Dopo lo sweep, gli Athletics si sono messi in attesa della corazzata Yankees, che invece non è stata in grado di superare i Tigers, apparsi, nel finale della regular season, in declino inesorabile.
Il momento chiave di questo confronto è probabilmente avvenuto un mese prima che le squadre si incrociassero nei playoff. Nei giorni scorsi ci hanno ricordato che la formula pitching and defense è imprescindibile nei playoff.
Bene. New York ha un lineup stellare, domina la propria division attendendo il rientro delle mazze pesanti di Sheffield e Matsui… e si assicura i servigi di Abreu in un campo esterno dove è già dotata di Matsui, Damon, Sheffield, Cabrera e Williams (e altri).
La rotazione è Wang, Mussina e basta; i Gold Glove in campo sono fasulli (Jeter non è un difensore, Abreu nemmeno, Rodriguez li ha vinti in un altro ruolo, Williams anni orsono), tranne quelli di The Moose, che però ha altro a cui pensare.
Così un ordine di battuta che forse fa impallidire quello del 1927 con Ruth, Gehrig & co. (la terza batting average della lega è nell'ultimo slot!), esce di scena dopo quattro partite.

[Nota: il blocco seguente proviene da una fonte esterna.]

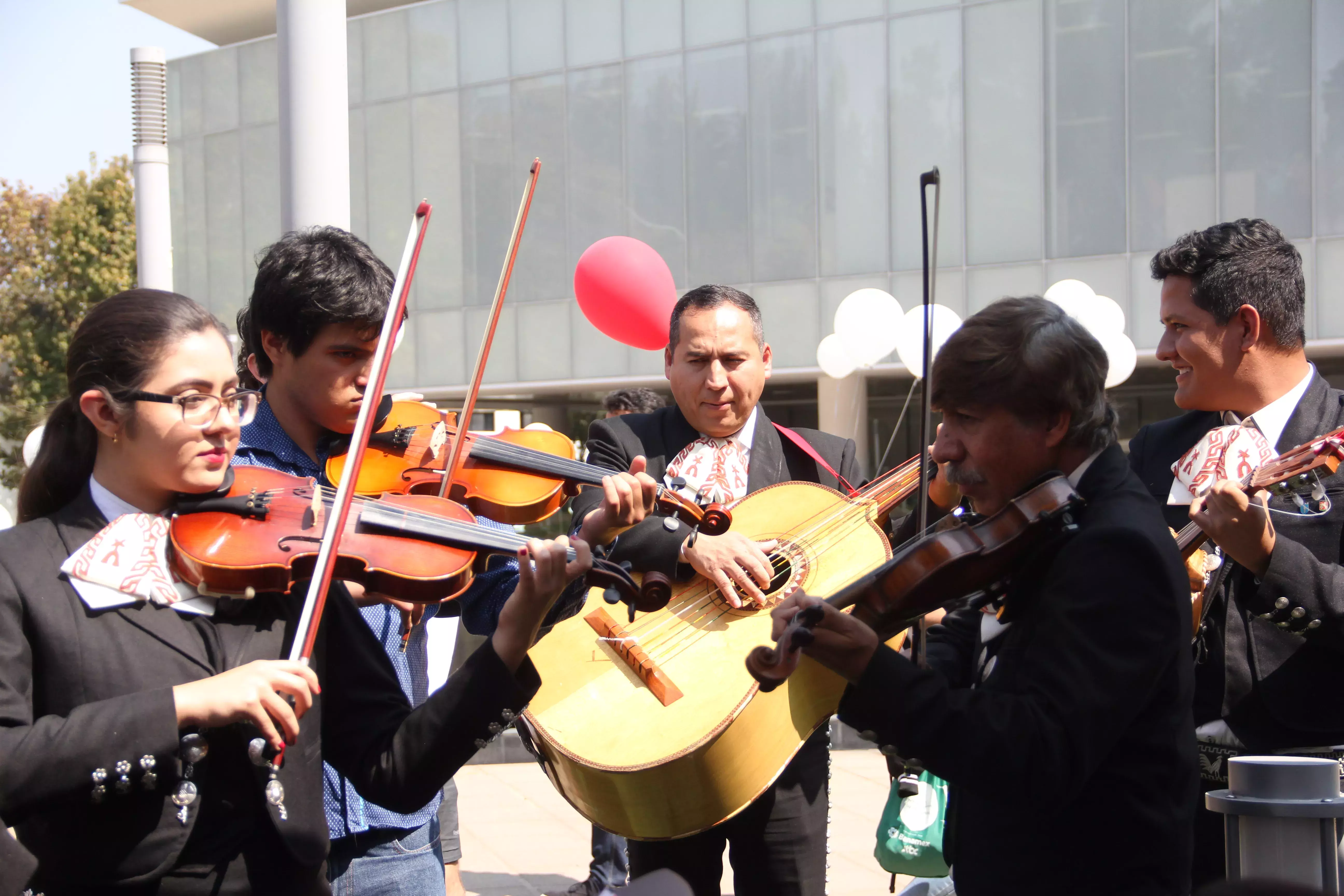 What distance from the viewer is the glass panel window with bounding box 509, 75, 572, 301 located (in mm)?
18125

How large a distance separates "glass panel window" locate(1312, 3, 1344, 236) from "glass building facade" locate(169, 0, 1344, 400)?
1.0 inches

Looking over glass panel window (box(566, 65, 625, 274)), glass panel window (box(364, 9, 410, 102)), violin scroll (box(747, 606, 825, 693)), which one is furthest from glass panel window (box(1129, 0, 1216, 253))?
violin scroll (box(747, 606, 825, 693))

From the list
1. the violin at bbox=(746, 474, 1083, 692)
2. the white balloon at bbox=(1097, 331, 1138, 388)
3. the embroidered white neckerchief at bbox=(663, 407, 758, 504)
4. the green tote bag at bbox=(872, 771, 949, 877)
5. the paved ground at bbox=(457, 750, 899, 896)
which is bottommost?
the paved ground at bbox=(457, 750, 899, 896)

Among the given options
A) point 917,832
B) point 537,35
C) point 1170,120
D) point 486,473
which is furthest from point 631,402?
point 537,35

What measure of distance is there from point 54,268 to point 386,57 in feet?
31.3

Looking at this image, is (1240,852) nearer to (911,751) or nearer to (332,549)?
(911,751)

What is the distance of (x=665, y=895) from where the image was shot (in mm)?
1085

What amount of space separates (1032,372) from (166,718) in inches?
53.4

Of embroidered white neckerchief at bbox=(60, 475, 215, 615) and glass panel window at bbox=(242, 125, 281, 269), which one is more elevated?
glass panel window at bbox=(242, 125, 281, 269)

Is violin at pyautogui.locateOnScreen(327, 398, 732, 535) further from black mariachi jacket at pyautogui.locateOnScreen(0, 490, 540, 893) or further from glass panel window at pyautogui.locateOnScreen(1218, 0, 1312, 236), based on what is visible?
glass panel window at pyautogui.locateOnScreen(1218, 0, 1312, 236)

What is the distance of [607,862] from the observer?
486 cm

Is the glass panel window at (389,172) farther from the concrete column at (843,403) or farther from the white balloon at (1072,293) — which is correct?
the white balloon at (1072,293)

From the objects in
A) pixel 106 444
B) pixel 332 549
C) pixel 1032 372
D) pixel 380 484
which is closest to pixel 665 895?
pixel 332 549

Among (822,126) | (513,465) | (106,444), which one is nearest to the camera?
(106,444) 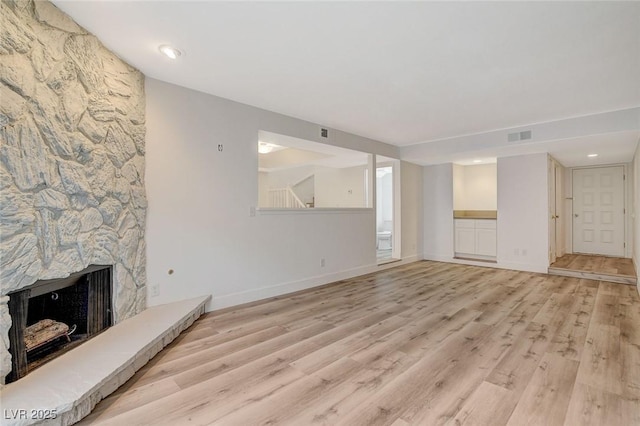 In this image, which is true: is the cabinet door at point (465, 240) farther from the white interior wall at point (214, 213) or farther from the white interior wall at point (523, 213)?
the white interior wall at point (214, 213)

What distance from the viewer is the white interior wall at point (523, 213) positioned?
5.34 m

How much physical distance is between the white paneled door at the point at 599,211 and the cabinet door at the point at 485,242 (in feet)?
8.59

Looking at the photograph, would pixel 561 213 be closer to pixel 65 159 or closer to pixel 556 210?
pixel 556 210

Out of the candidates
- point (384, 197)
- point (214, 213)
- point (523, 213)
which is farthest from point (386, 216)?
point (214, 213)

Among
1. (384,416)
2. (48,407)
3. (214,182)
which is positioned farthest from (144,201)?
(384,416)

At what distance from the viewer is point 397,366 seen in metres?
2.18

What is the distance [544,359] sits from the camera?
228cm

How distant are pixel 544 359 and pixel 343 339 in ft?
5.14

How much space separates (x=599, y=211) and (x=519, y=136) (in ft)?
13.0

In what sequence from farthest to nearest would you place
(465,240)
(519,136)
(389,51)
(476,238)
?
(465,240)
(476,238)
(519,136)
(389,51)

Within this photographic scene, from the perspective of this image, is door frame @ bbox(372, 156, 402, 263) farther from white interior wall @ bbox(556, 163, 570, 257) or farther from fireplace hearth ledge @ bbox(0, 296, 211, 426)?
fireplace hearth ledge @ bbox(0, 296, 211, 426)

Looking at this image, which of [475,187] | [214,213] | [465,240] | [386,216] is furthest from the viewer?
[386,216]

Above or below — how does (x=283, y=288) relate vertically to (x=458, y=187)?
below

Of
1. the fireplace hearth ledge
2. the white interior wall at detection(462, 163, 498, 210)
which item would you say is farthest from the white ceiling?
the white interior wall at detection(462, 163, 498, 210)
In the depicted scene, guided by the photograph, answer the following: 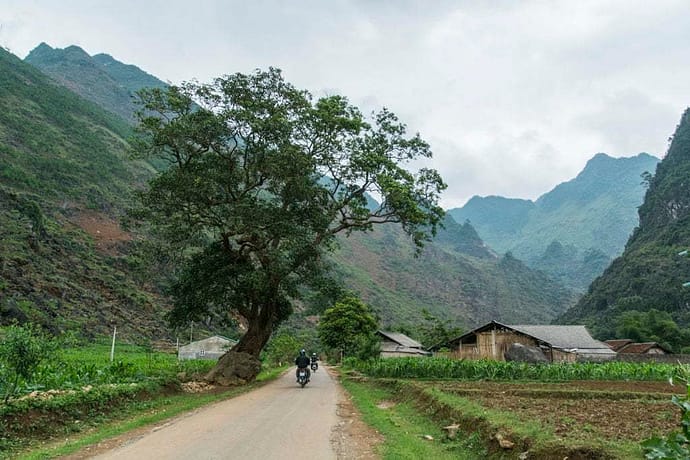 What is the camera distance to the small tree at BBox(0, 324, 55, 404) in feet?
30.5

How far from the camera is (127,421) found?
1200cm

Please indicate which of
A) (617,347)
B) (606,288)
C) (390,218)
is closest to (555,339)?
(617,347)

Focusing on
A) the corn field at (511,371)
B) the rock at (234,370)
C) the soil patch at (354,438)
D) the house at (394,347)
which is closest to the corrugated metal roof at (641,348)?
the house at (394,347)

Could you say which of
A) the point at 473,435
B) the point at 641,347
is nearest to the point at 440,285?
the point at 641,347

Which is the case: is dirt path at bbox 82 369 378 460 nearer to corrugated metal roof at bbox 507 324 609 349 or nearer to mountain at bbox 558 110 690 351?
corrugated metal roof at bbox 507 324 609 349

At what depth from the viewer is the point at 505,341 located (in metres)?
41.2

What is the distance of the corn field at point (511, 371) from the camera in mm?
27406

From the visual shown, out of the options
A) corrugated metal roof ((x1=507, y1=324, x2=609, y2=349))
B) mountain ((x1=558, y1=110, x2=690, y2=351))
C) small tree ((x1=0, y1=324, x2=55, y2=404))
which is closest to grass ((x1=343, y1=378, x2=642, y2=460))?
small tree ((x1=0, y1=324, x2=55, y2=404))

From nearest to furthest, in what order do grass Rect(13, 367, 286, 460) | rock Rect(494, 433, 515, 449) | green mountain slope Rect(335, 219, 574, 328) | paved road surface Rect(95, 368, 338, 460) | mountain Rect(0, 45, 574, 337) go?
1. rock Rect(494, 433, 515, 449)
2. paved road surface Rect(95, 368, 338, 460)
3. grass Rect(13, 367, 286, 460)
4. mountain Rect(0, 45, 574, 337)
5. green mountain slope Rect(335, 219, 574, 328)

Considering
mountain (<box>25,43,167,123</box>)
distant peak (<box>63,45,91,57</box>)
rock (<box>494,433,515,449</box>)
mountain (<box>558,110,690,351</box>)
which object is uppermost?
distant peak (<box>63,45,91,57</box>)

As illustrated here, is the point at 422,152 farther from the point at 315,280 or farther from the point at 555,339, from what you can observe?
the point at 555,339

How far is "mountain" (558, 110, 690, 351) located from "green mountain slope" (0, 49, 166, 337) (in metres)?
62.2

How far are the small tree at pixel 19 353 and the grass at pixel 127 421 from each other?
4.45 ft

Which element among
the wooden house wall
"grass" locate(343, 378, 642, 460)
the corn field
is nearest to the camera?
"grass" locate(343, 378, 642, 460) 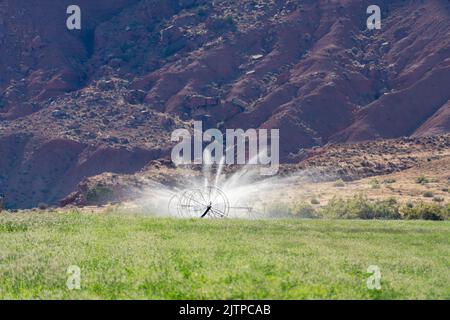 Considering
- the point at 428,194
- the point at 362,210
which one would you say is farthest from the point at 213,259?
the point at 428,194

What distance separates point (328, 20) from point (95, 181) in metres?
49.4

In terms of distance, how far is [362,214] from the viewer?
38469 millimetres

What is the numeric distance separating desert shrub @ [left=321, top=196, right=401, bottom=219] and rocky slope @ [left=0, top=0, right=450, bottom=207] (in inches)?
1251

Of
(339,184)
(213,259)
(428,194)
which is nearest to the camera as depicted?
(213,259)

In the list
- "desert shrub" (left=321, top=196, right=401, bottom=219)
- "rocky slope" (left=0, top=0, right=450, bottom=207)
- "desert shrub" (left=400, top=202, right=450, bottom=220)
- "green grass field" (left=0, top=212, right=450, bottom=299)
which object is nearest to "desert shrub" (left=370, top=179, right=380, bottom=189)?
"desert shrub" (left=321, top=196, right=401, bottom=219)

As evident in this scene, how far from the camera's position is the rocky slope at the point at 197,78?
3115 inches

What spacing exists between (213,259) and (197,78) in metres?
76.7

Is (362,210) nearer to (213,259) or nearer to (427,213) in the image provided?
(427,213)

Leyland ha tenuto i suoi migliori partenti lontanti dal confronto con Wang e la scelta ha pagato.
La gara decisiva è stata la seconda; i Tigers hanno segnato un punto negli inning 5, 6 e 7 su Mussina, ribaltando il punteggio; Leyland, dal canto suo, si è affidato presto a Walker e alle fiamme di Zumaya (costantemente sopra le 100 mph), praticamente perfetti, prima di dar palla al closer Jones.
La serie Cardinals-Padres si presentava differente da quella della passata edizione delle NLDS: quest'anno era St. Louis la vincitrice a stento della Division più sgangherata.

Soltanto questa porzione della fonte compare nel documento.